Emotionality and Decision-Making Relationship

Subject: Psychology
Pages: 2
Words: 580
Reading time:
3 min
Study level: Undergraduate

Introduction

Emotion reflects a person’s subjective attitude toward objects and phenomena of the world around them, other people, and oneself in the form of direct experience. Often emotions are a way of expressing human feelings and create a subjective field of reality in which it will exist. The number of emotions, frequency, and manifestation specificity is expressed in emotionality. This particular trait describes the expression of a person’s reaction to a specific event. Impulsive responses are usually influenced by whether emotions are being processed now: negative or positive. The amygdala and prefrontal cortex are responsible for decision-making and emotion processing (Manuel et al. 682).
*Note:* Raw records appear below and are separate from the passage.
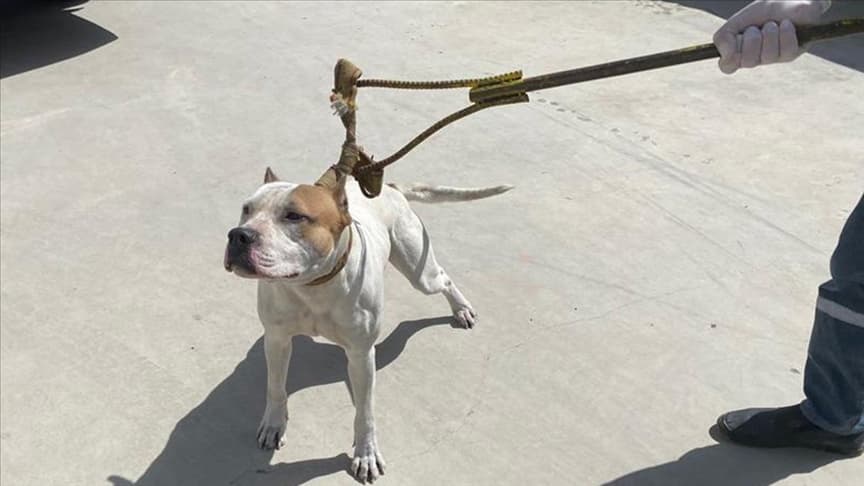 İngiltere'de "American Bully XL" cinsi köpekler yasaklanacak
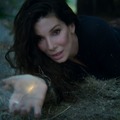 プラクティカル・マジック／魔女たちの秘密 3枚目の写真・画像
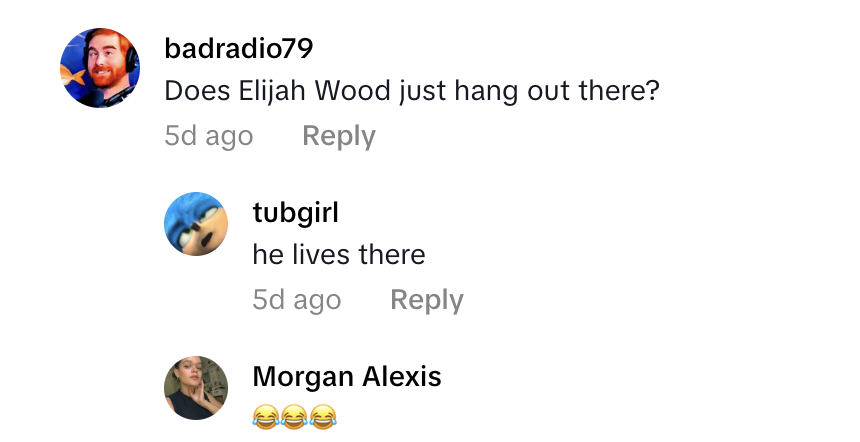 Screenshot 2025 11 02 at 2.24.10 PM Guests Got A Big Surprise When Elijah Wood Crashed A Hobbit Themed Wedding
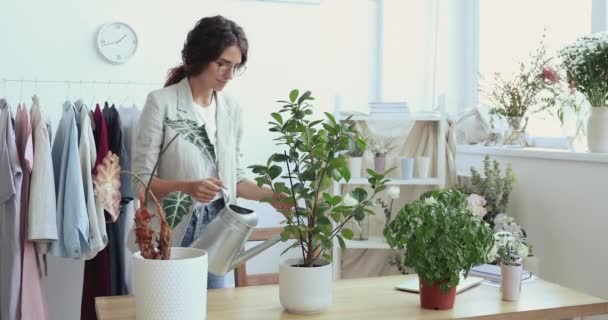 Lugn ung kvinnlig designer dekoratör vattna blommor på kontoret. — Stockvideo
Although these processes mediate decision-making is not entirely clear, the influence of shared emotionality on decision-making is evident.

The Rationality of Decisions

Decision-making involves many components that allow individuals to evaluate their choices and arrive at the best and most beneficial decision. The logical aspect, emotional factors, and moral evaluation allow making decisions (Wray). This process is conscious, demanding, and controllable, but emotion influences it. One can see how categories such as motivation, recognition, and success affect one’s overall behavioral strategy in an academic, scientific, or work environment. In addition, some decisions that seem overly emotional at first glance may be the products of long deliberation and reflection. Social choices can be influenced by beliefs about us and our desires, not by the other person’s state.

The rationality factors include the amount of information, the time constraints on making a decision, its relevance, and the degree of belief in one’s judgment. To a different degree, each element affects how a person analyzes a situation and what decision they will ultimately choose (Wray). Time and information take precedence, but an irrelevant decision can have just as detrimental an outcome as decisions against one’s life principles.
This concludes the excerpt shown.